- **Exercise directions**
Copy the listing in full and exactly, omitting its images.

★ ★ ★ ★

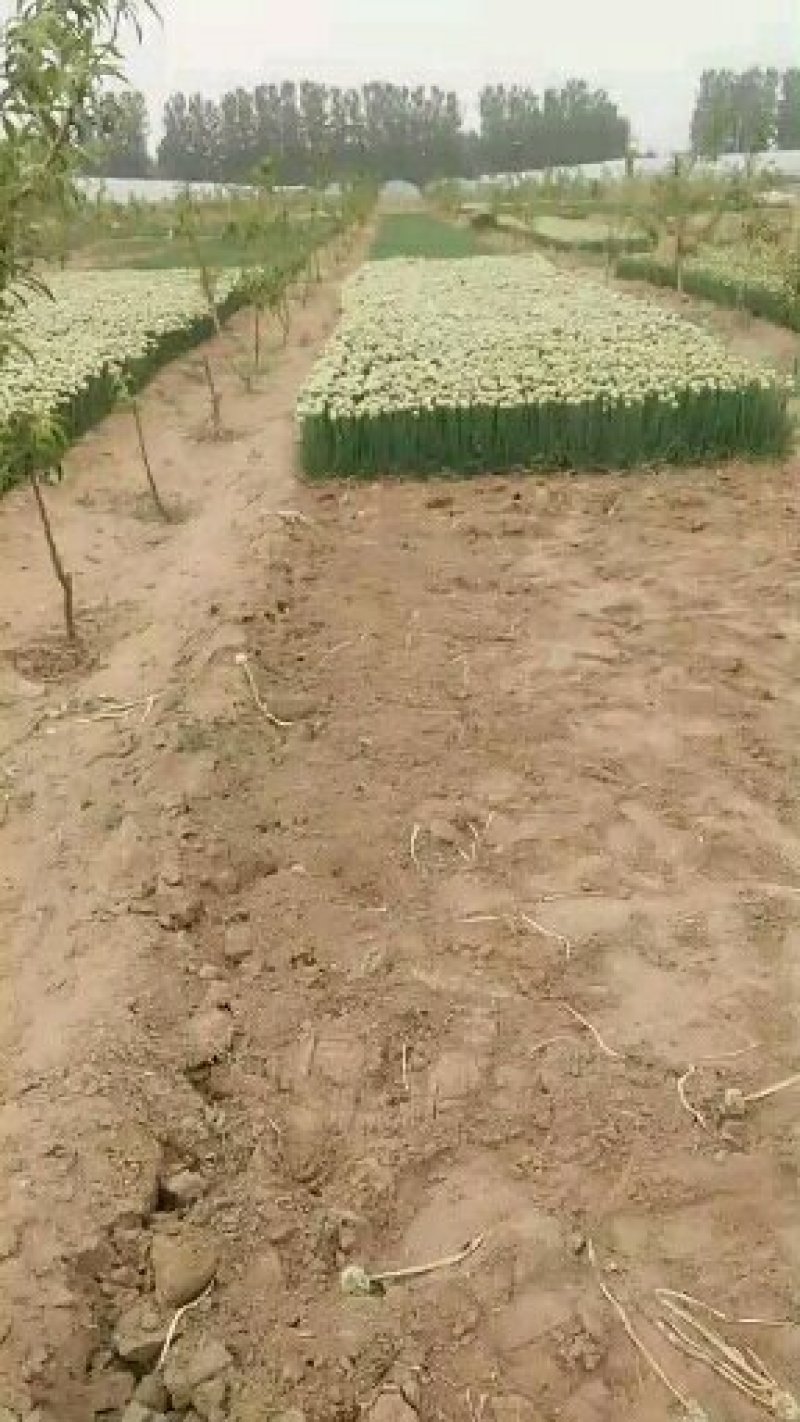 香葱小葱40~45cm商超联系各大类型商超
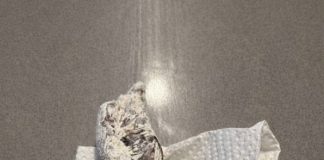 Pronašla sam nešto čudno u pakovanju brašna: odlučila sam otvoriti celofan da vidim šta je unutra… i kada sam shvatila šta je, bila sam potpuno šokirana. - featured image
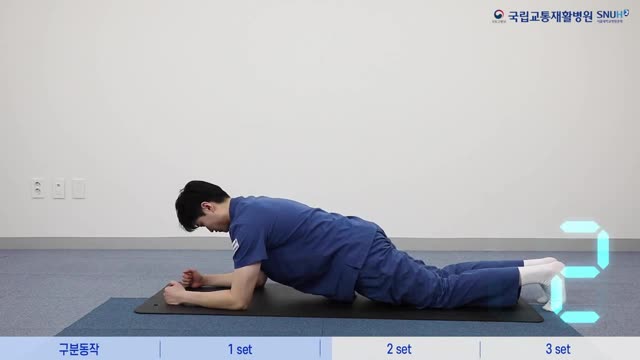 머리부터 무릎까지 일직선으로 버티기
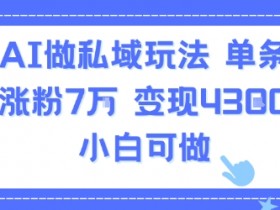 用AI做私域玩法,单条视频涨粉7W变现4.3k,小白可做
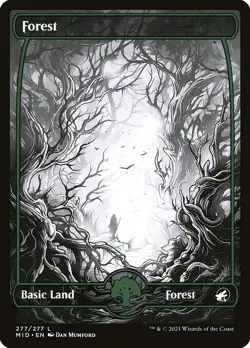 Lot of 20x Forest #277 - MID Midnight Hunt MTG Magic FULL ART Land NM - Image 1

★ ★ ★ ★

- **Written solution**
 香葱小葱40~45cm商超联系各大类型商超
 Pronašla sam nešto čudno u pakovanju brašna: odlučila sam otvoriti celofan da vidim šta je unutra… i kada sam shvatila šta je, bila sam potpuno šokirana. - featured image
 머리부터 무릎까지 일직선으로 버티기
 用AI做私域玩法,单条视频涨粉7W变现4.3k,小白可做
 Lot of 20x Forest #277 - MID Midnight Hunt MTG Magic FULL ART Land NM - Image 1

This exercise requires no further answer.